Steve Popovich, Jr. with Steve Popovich, Sr. (c) Steve Popovich, Jr.

Steve Popovich: Cleveland International Records

Steve Popovich (1942–2011) was an American music producer, promoter, and founder of the record label Cleveland International Records, an American of Serbian descent who left a deep mark on the history of rock 'n' roll.

He was born in 1942 in Nemacolin, a small coal-mining town in Pennsylvania. After his father's death, at the age of seventeen, he moved with his family to Cleveland.

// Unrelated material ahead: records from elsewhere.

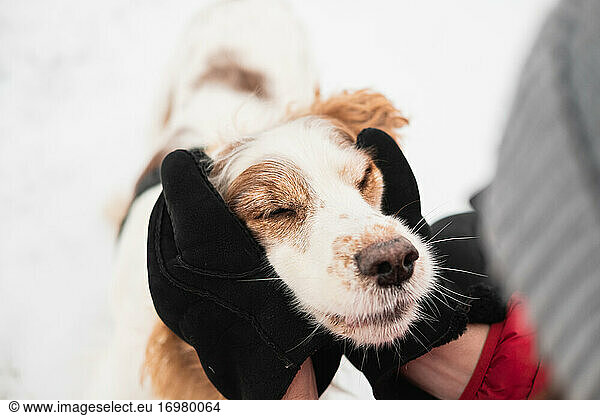 Hands in winter gloves hug a delighted dog with closed eyes.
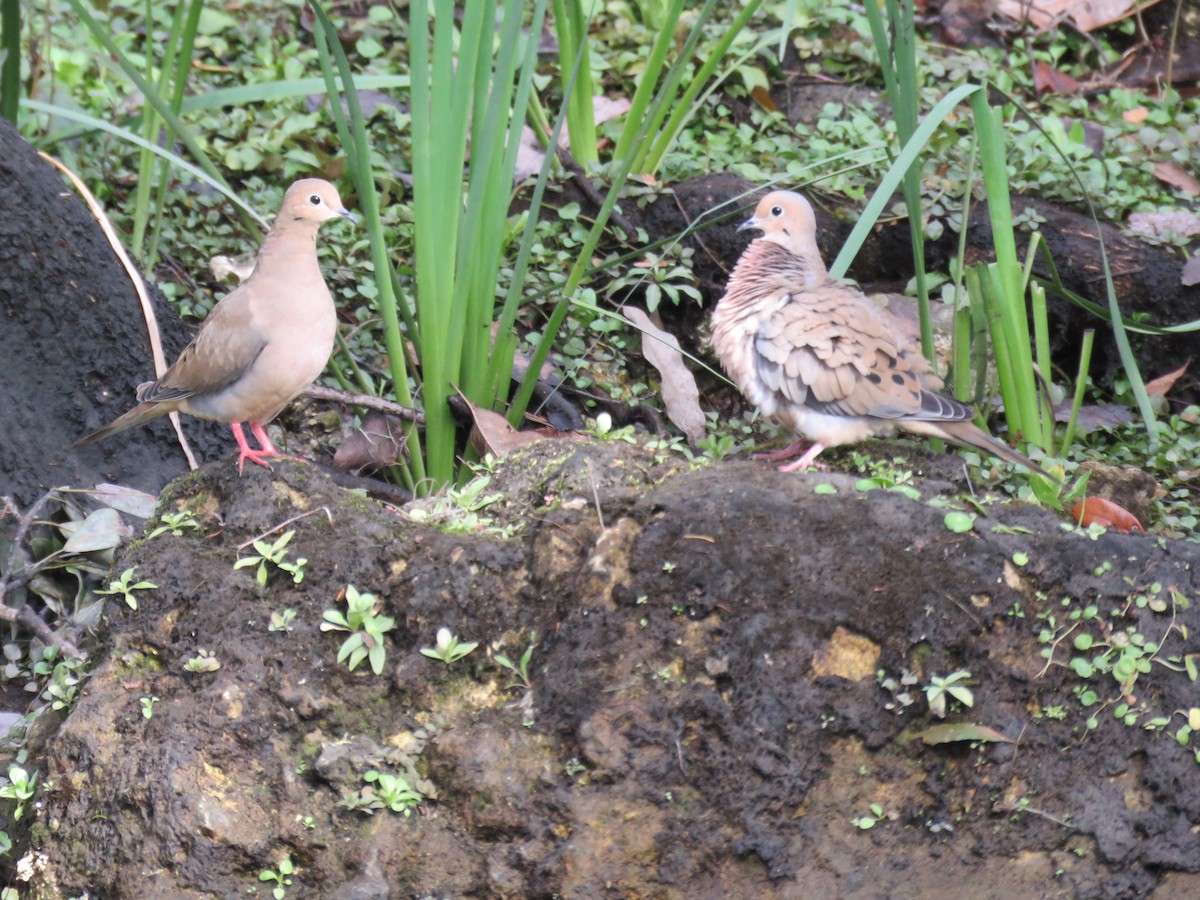 Mourning Dove - ML214550341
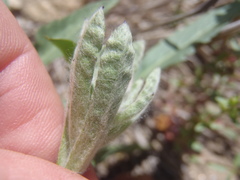 Gamochaeta stagnalis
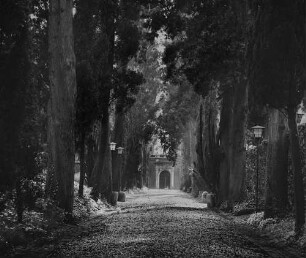 Archivfotografie "ausland_italien_rom_10512"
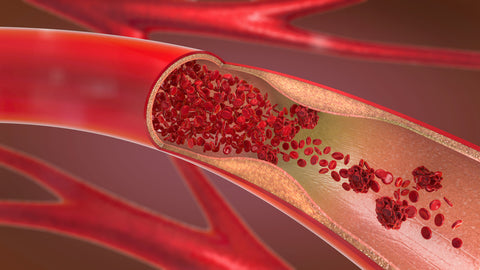 nitric oxide blood vessels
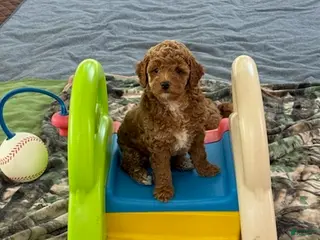 Goldendoodle dogs Willy (Red with white tuxedo markings) - Ad 21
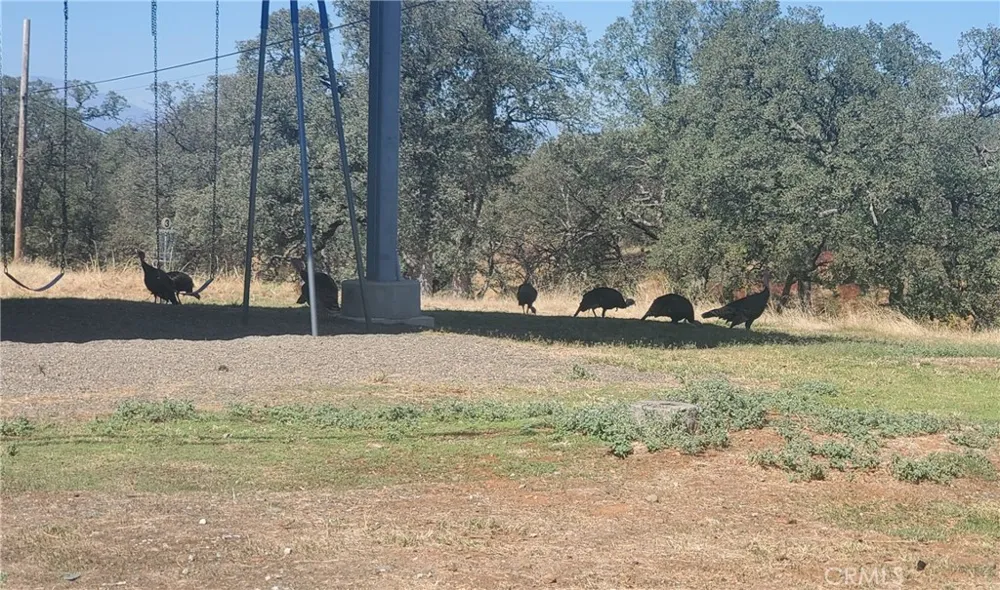 21857 Preston Cottonwood, CA 96022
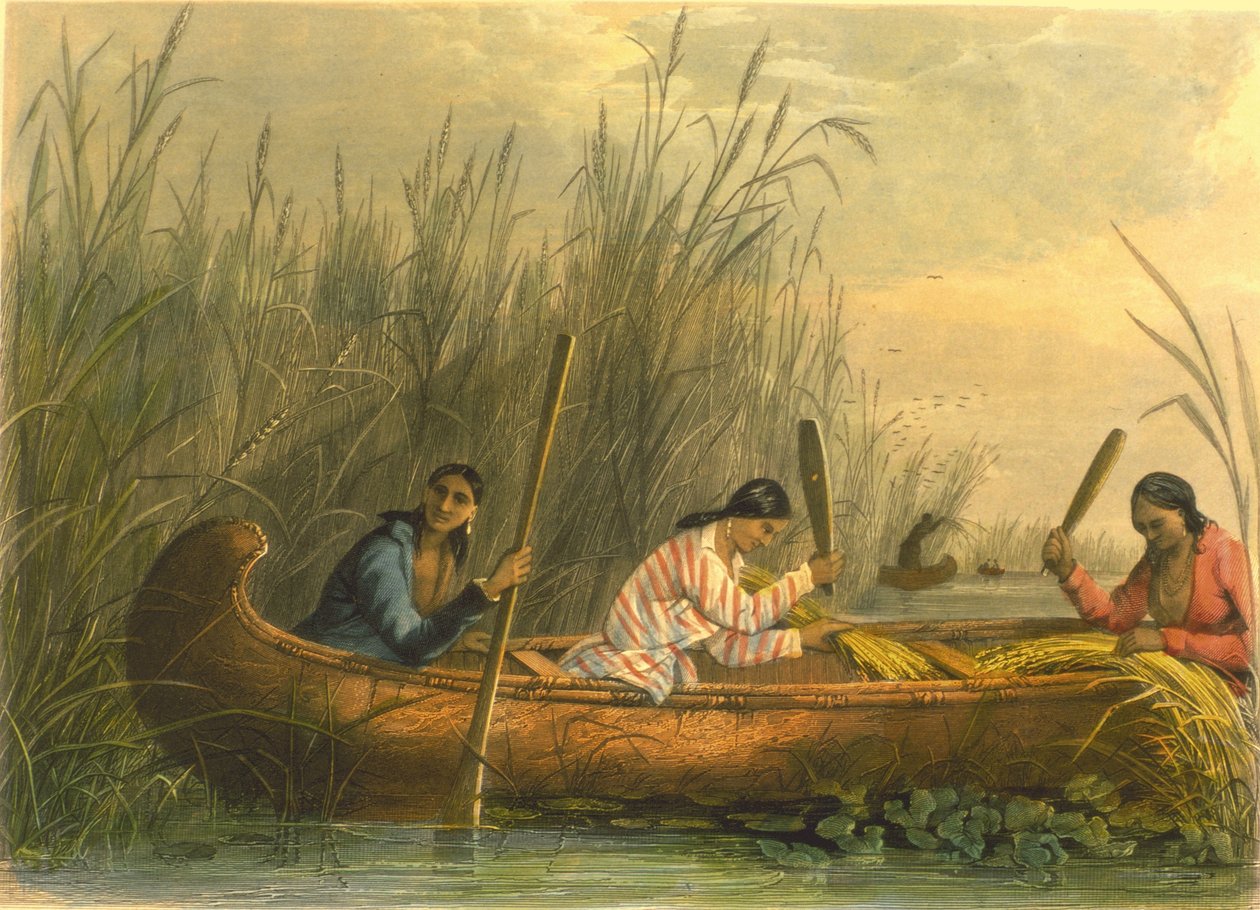 Villiriisin kerääminen, 1853 tekijältä Captain Seth Eastman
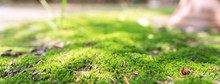 Surface Of Green Moss Background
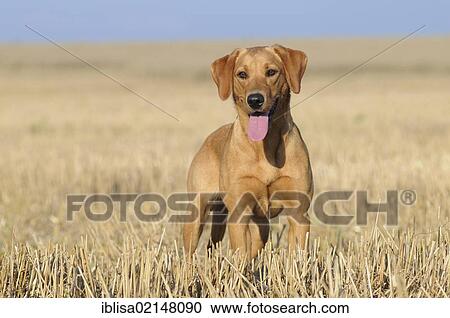 Stock Image - Labrador Retriever, female dog, standing in a stubble field. Fotosearch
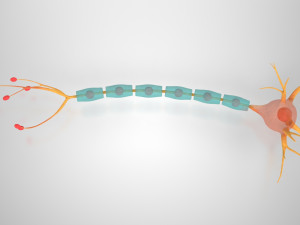 Neuron Cell Anatomy 3D Модель
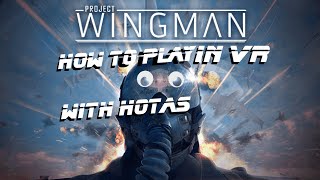 Project Wingman How to Play in VR and with a HOTAS [upl. by Garretson426]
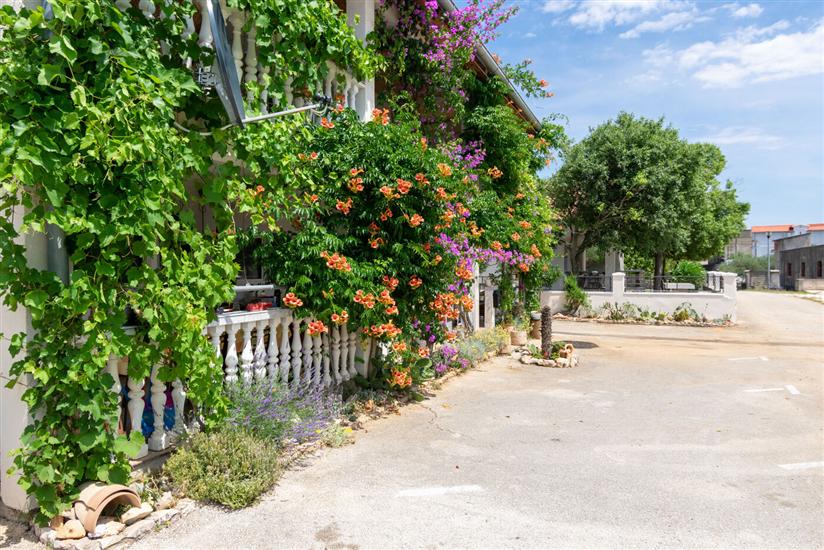 Apartmány Andrijana
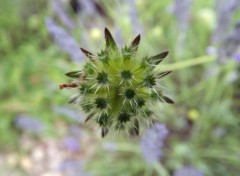  Nature fleurs estivales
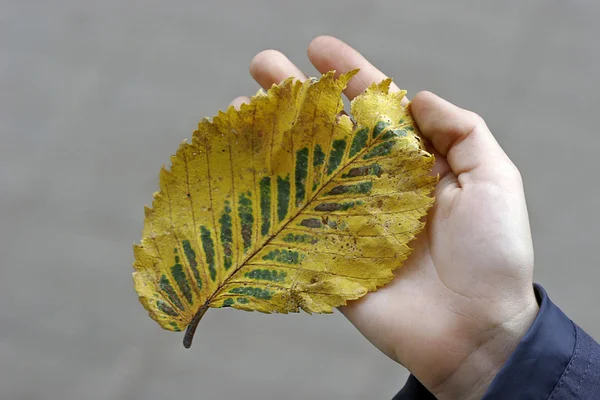 Grande outono amarelo folha verde segurando uma criança — Fotografia de Stock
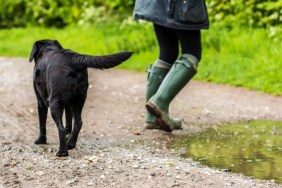 Labrador with owner, like the incident on Yorkshire farm in which the farmer has been fined.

He entered the music business from the bottom rung, as a stockroom worker at the warehouse of Columbia Records, landing that job with the help of the Slovenian-American polka star Frank Yankovic, to whom he would remain grateful his entire life.

Thanks to his hard work and his ear for talent, he rose quickly: at the age of thirty he became the first Vice President of Promotion at Columbia Records and the youngest vice president in all of CBS, where he worked on launching names such as Bruce Springsteen, while some of the most famous names whose promotion he handled include Bob Dylan, Janis Joplin, Simon & Garfunkel, the band Chicago, and Miles Davis.

In 1977 he founded his own record label, Cleveland International Records. Its greatest success - and at the same time one of the greatest in the history of rock 'n' roll - was Meat Loaf's album "Bat Out of Hell."

The record, produced by Todd Rundgren to songs written by Jim Steinman, had been rejected by every major label; it was believed there was no market for eight-minute rock operas of Wagnerian sweep.

Popovich, however, believed in the project and worked tirelessly to promote it, and his months-long effort paid off. The album sold more than 40 million copies worldwide and to this day is considered one of the best-selling records of all time.

Popovich was also a great champion of polka music: as executive producer he was behind the album by his old acquaintance Frank Yankovic that in 1986 won the first Grammy Award ever presented in that category, while the album by the group Brave Combo took home a Grammy in 1999. His work connects him to six nominations and two Grammy Awards, and in 1997 he was inducted into the National Cleveland-Style Polka Hall of Fame.

In his final years Popovich moved to Tennessee to live near his son Steve Popovich Jr. and his family. He died aged 68 on June 8, 2011, in his home in Murfreesboro, Tennessee, and was survived by son Steve Jr, daughter Pam and his grandchildren Steven and Tanner. He is buried in Western Reserve Memorial Gardens in Chesterland.